ACTION ITEM »
Where does the string "Decor" appear in the material? Copy each line that holds it.

TASK INPUTS »
# # # # # # #

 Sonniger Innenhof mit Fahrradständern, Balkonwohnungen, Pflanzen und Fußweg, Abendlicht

# # # # # # #

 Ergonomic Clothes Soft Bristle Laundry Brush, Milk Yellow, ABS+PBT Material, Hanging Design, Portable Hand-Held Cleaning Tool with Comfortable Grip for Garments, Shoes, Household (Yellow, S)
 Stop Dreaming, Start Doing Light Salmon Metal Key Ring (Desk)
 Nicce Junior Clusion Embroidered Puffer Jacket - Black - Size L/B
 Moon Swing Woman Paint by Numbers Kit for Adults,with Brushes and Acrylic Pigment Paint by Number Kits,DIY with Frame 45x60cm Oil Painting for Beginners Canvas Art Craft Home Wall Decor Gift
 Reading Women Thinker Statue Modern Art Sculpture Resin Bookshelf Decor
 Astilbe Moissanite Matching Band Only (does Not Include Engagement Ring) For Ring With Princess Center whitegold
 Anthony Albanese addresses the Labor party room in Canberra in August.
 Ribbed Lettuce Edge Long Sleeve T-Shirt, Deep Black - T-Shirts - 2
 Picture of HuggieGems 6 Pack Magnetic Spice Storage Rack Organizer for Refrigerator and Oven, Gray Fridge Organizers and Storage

# # # # # # #

OUTPUT OF THE TASK »
 Moon Swing Woman Paint by Numbers Kit for Adults,with Brushes and Acrylic Pigment Paint by Number Kits,DIY with Frame 45x60cm Oil Painting for Beginners Canvas Art Craft Home Wall Decor Gift
 Reading Women Thinker Statue Modern Art Sculpture Resin Bookshelf Decor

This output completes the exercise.